_PROBLEM TO SOLVE_. Return each line exactly, from the one that has "1479 Route 117 - Photo 6 of 8" through the end of the entries, both ends included. Pictures do not belong.
:: TASK MATERIAL ::
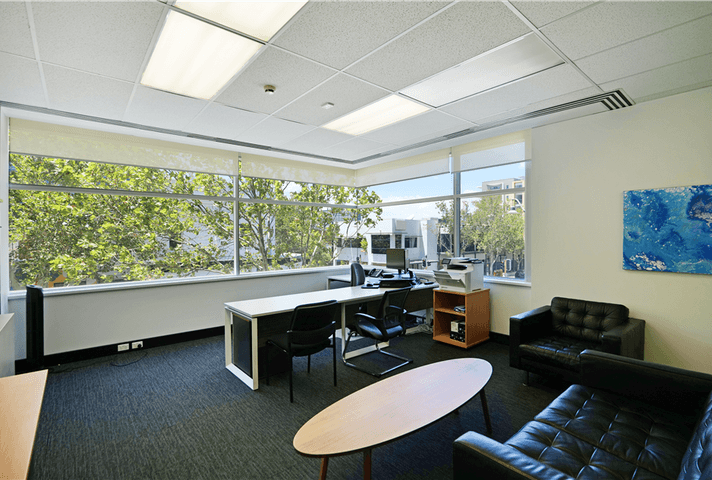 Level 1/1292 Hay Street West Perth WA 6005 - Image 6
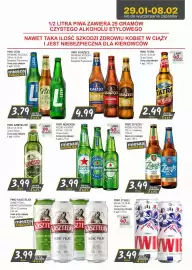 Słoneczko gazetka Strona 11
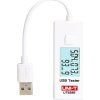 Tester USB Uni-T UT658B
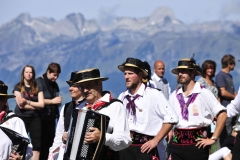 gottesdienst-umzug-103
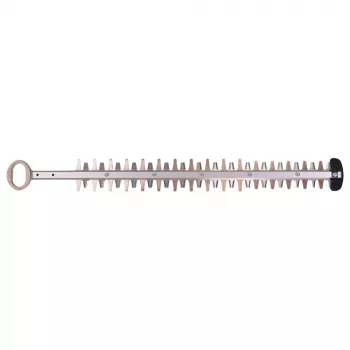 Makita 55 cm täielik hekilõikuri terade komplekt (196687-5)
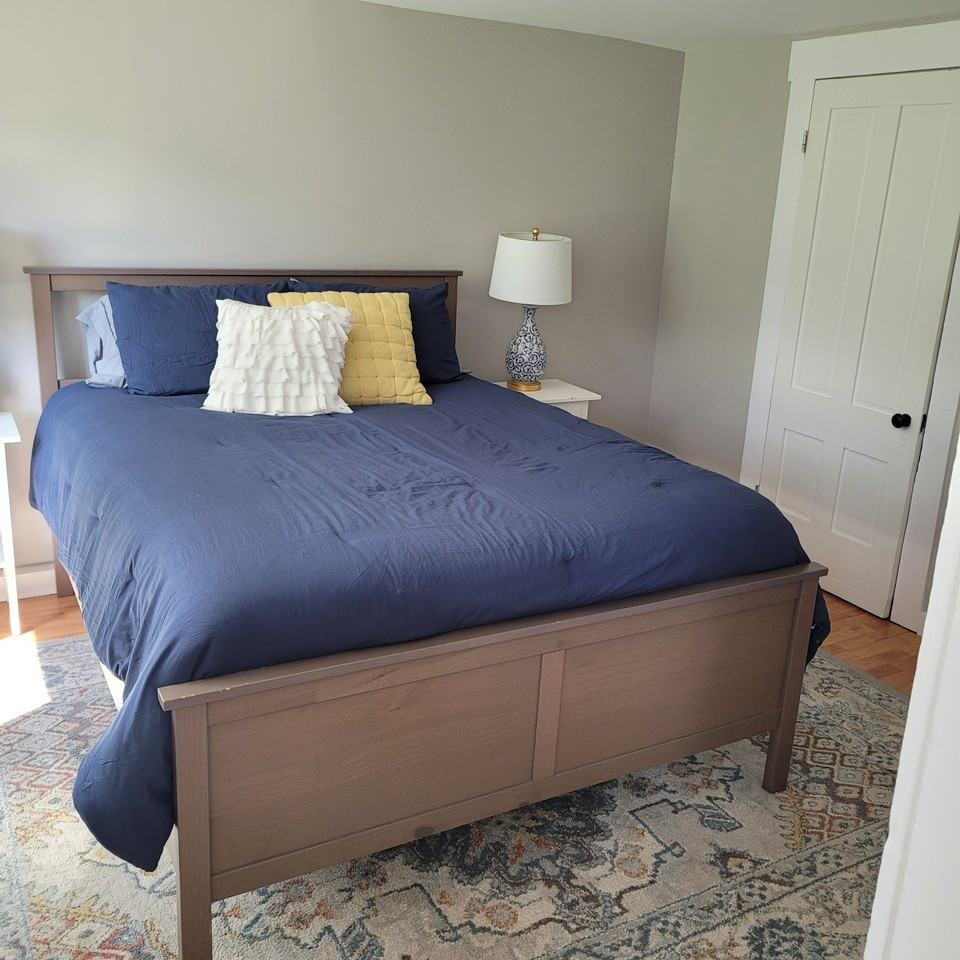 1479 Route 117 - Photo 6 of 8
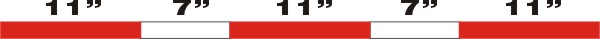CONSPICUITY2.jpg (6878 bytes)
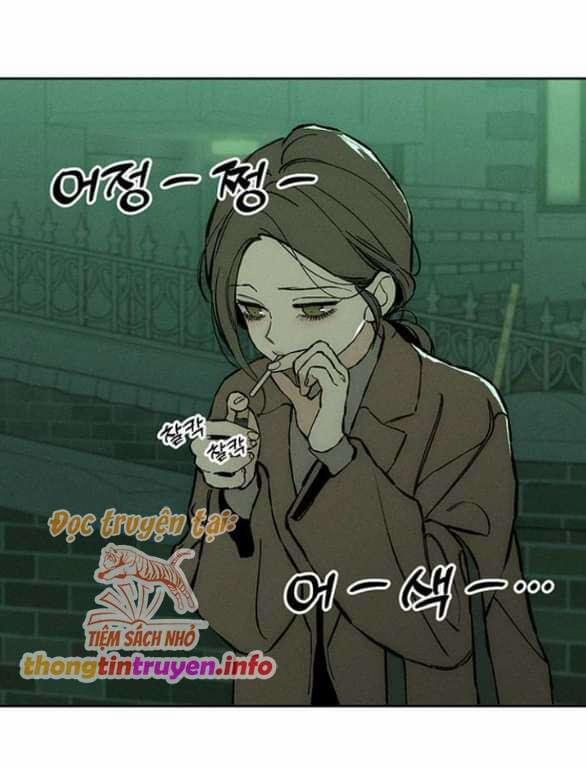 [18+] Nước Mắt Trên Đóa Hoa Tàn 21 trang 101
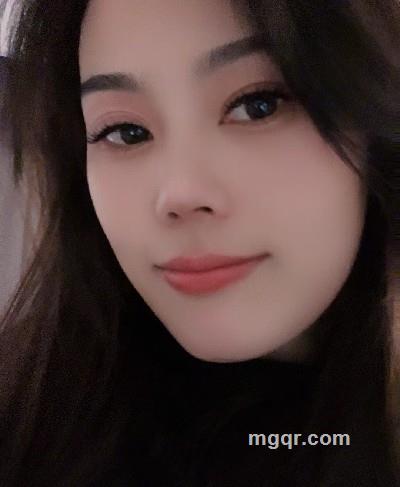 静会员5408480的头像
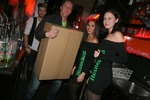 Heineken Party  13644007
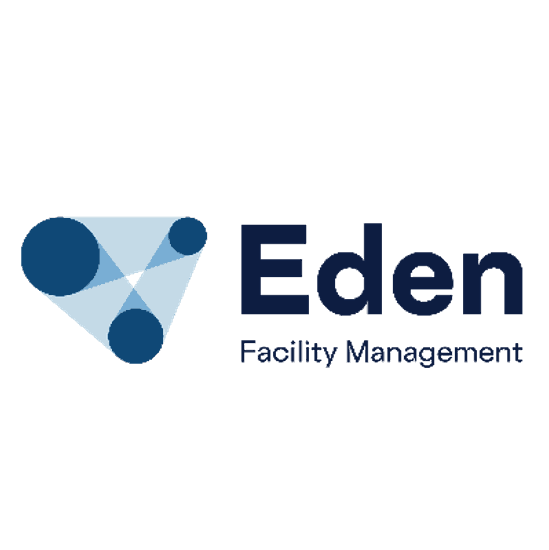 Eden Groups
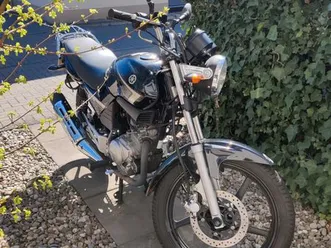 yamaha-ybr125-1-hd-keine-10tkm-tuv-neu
:::
_RESPONSE TO THE TASK_.
 1479 Route 117 - Photo 6 of 8
CONSPICUITY2.jpg (6878 bytes)
 [18+] Nước Mắt Trên Đóa Hoa Tàn 21 trang 101
 静会员5408480的头像
 Heineken Party  13644007
 Eden Groups
 yamaha-ybr125-1-hd-keine-10tkm-tuv-neu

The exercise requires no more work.